The sequestration of carbon dioxide and other greenhouse gases in deep saline aquifers (Keith, 2009) as well as the extraction of methane and geothermal energy (heat) from deep geopressured-geothermal aquifers (Jones, 1975) have been studied independently in the past. However, capturing and storing CO2 in aquifers is an expensive process without any monetary return on investment. On the other hand, energy extraction from deep geopressured aquifers was abandoned as a result of low natural gas prices in the 70s and 80s (Griggs, 2005), which prevented this process from becoming economically feasible. In this study, we present a new strategy in which the CO2 sequestration and methane/geothermal energy extraction are combined. In fact, we suggest that the cost of the former can be offset by the profits from the latter.
Geologic formations are capable of storing huge amounts of CO2. Specifically, deep saline aquifers are the best candidates for the storage of significant amounts of CO2 emitted by pulverized coal-fired power plants. However, the storage technology faces several constraints. The most important constraint is the cost of the storage process which includes capturing, purifying, pressurizing, and injecting CO2 (Rochelle, 2009). In addition to the storage cost, other possible constraints exist such as the injection capacity of the aquifer and environmental hazards.
Formations of abnormally high pressure and temperature lie along the Gulf Coast of the United States at depths exceeding 10,000 feet. The brine in these formations is saturated with methane. The methane content of this brine is on the order of 30- 45 SCF of methane per barrel and the total amount is estimated to be between 3000 to 46000 TCF (Griggs, 2005). For example, at 34 SCF per barrel, a small geopressured aquifer with a pore volume of 1 billion barrels would hold a volume of dissolved methane of 34 BCF with an energy content of 35 trillion Btu. When CO2 is dissolved in brine saturated with methane, almost all of the methane comes out of the solution and forms a gas phase of almost pure methane (Taggart, 2009). The production of this methane could help offset the cost of CO2 storage. Moreover, the production of methane gas and/or brine saturated with methane while CO2 is being injected will reduce or eliminate concerns about pressure build-up accompanying CO2 injection. This pressure build-up is a key constraint on large-scale sequestration, because it significantly reduces achievable rates of CO2 injection.
Geologic storage of CO2 for atmospheric emissions reductions imposes unique requirements to document containment. Monitoring pressure in strata above the injection interval is a fit-to-purpose technique to document performance of confining system and degree of isolation provided by existing wellbore completions. Field data are collected over two-and-a-half year period during a continuous industrial-scale CO2 injection at an enhanced oil recovery (EOR) site at Cranfield Field, Mississippi.

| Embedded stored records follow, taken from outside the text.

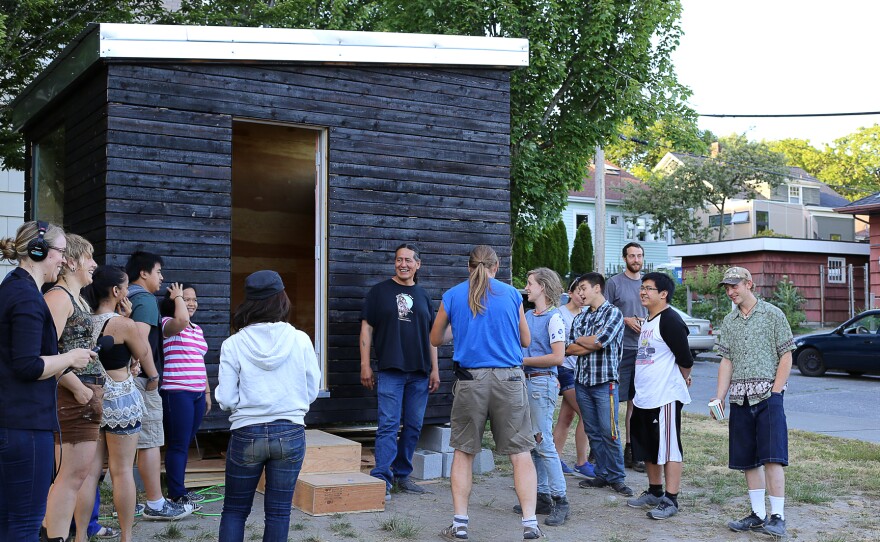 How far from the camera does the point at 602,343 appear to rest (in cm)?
719

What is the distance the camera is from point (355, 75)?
808 centimetres

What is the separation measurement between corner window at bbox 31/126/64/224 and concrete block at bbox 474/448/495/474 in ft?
15.0

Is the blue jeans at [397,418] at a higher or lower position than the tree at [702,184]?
lower

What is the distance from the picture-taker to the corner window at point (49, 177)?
332 inches

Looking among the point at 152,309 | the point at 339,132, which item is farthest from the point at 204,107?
the point at 152,309

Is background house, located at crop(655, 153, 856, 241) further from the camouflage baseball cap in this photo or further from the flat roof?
the camouflage baseball cap

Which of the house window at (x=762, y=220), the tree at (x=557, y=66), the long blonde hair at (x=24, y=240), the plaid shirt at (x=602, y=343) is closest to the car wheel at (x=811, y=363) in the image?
the tree at (x=557, y=66)

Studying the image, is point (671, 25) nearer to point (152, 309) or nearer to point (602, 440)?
point (602, 440)

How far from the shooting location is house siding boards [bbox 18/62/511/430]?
23.2ft

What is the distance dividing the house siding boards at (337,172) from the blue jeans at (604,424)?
155 centimetres

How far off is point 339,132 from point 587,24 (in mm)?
10355

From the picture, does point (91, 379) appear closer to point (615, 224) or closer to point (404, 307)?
point (404, 307)

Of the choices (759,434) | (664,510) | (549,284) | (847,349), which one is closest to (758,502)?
(759,434)

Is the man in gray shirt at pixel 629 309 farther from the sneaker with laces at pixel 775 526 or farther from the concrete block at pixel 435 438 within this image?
the sneaker with laces at pixel 775 526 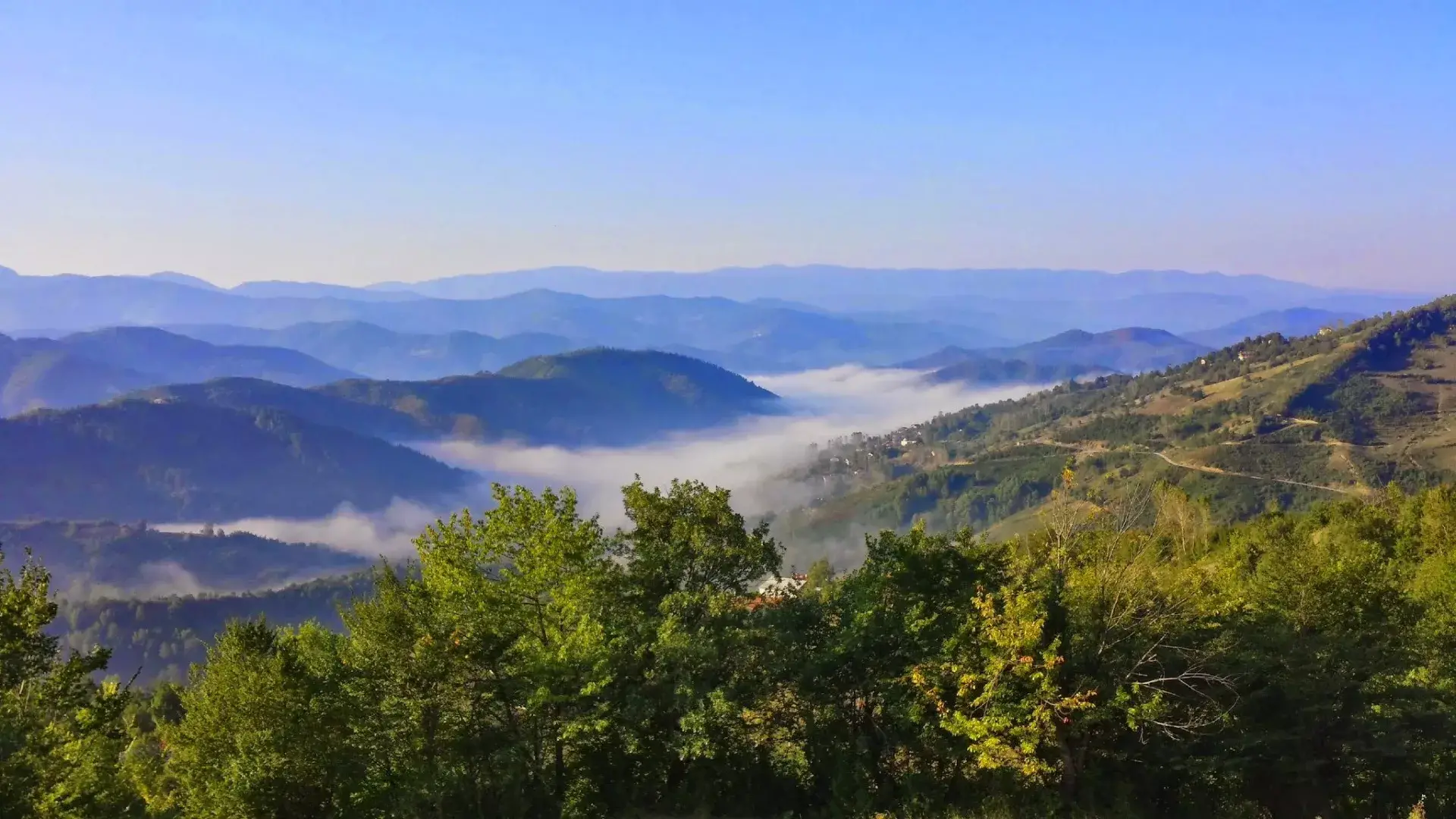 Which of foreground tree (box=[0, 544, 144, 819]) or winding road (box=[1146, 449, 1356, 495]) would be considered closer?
foreground tree (box=[0, 544, 144, 819])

Continuous downhole high-precision pressure and temperature data were collected at a monitoring well at two depths: at the injection interval and at a selected above zone monitoring interval (AZMI). The AZMI is a prevalent non-productive sandstone above the injection zone and a thick confining system.
Pressure data show a perturbation in above zone contemporaneously with pressure elevation in injection zone, which suggests a possible interformational fluid communication via wellbore. Meanwhile temperature data maintain a linear correlation between zones with a consistent differential, which indicates negligible volumes of injection interval fluid being introduced into the AZMI. Interpretation of the data requires a physics-based transport model to illustrate the possibility of wellbore leakage and quantify the rate if leakage exists.
We model the wellbore leakage by coupling the flow in wellbore and a diffusion model in the above zone sand layer. Matching the pressure data yields an effective wellbore permeability in order of tens of darcies. This corresponds to a large flow rate along the pathway which would very likely raise the temperature in the above zone. To gain insight about the temperature response, we model the heat transfer between the fluid in wellbore and the surroundings. The heat transfer coefficient is tuned and justified by modeling the heat conduction in the formation rock. In order for the temperature in above zone to remain unaffected by that in injection zone, the flow rate should be no more than 10 g/s and the corresponding wellbore permeability not exceed a few darcies. This value is at least an order of magnitude smaller than that estimated from the pressure response. Only if the sand layer in above zone is assumed to have a closed boundary within a few hundred feet of the monitoring well can the pressure data and temperature data be made consistent. However the assumption of closed boundary is not very feasible since there is no evidence of the sand layer being closed by faults locally.
We conclude that leakage from the injection zone is very small. The observed pressure increases in the monitoring well are attributed to larger-scale geomechanical phenomena.
Implementing geological carbon sequestration at large scale to mitigate anthropogenic emissions involves the injection of CO2 into deep brine-filled structures. An alternative to injecting CO2 as a buoyant phase is to dissolve it into brine extracted from the storage formation, then inject the CO2-saturated brine into the storage formation. This "surface dissolution?? strategy eliminates the risk of buoyant migration of stored CO2 and mitigates the extent of pressure elevation during injection. The CO2 concentration front shape when it reaches the saturation pressure contour defines the maximum areal extent of CO2- saturated brine and hence the aquifer utilization efficiency.
Heterogeneity of the aquifer reduces the utilization efficiency. We illustrate by comparing utilization efficiency in homogeneous permeability field with that in uncorrelated and correlated heterogeneous fields under same well control. The example cases yield reductions of the utilization efficiency by 9% and 15% of aquifer pore volume respectively.
We develop an optimal control strategy of the injection/extraction wells to maximize the utilization efficiency for heterogeneous aquifers. We propose two objective functions: one intends to improve the areal sweep by minimizing the mismatch between CO2 concentration front and saturation pressure contour; the other directly formulates the utilization efficiency while penalizing zones that contain gas phase CO2. Both approaches significantly improve the aquifer utilization efficiency by delaying the arrival time of CO2 front to saturation pressure contour. In the uncorrelated heterogeneous field, the utilization efficiency is improved by 3% of the aquifer pore volume. In the correlated heterogeneous field, the improvement on utilization efficiency is 9%.
Heterogeneity plays an important role in determining the location of saturation pressure contour within the storage formation. We propose an optimal well placement strategy by placing line-drive injectors in high permeability zone and extractors in low permeability zone, so that the saturation pressure contour is closer to the extractors and thus increases the aquifer utilization efficiency. Illustration on the correlated heterogeneous field shows an improvement of utilization efficiency by 5% using optimal well placement and another 9% combining with the optimal control of injection/extraction rates. A straightforward implication of the optimal well placement is that hydraulically fracturing the injectors improves the aquifer utilization efficiency by increasing the linear nature of the pressure contours.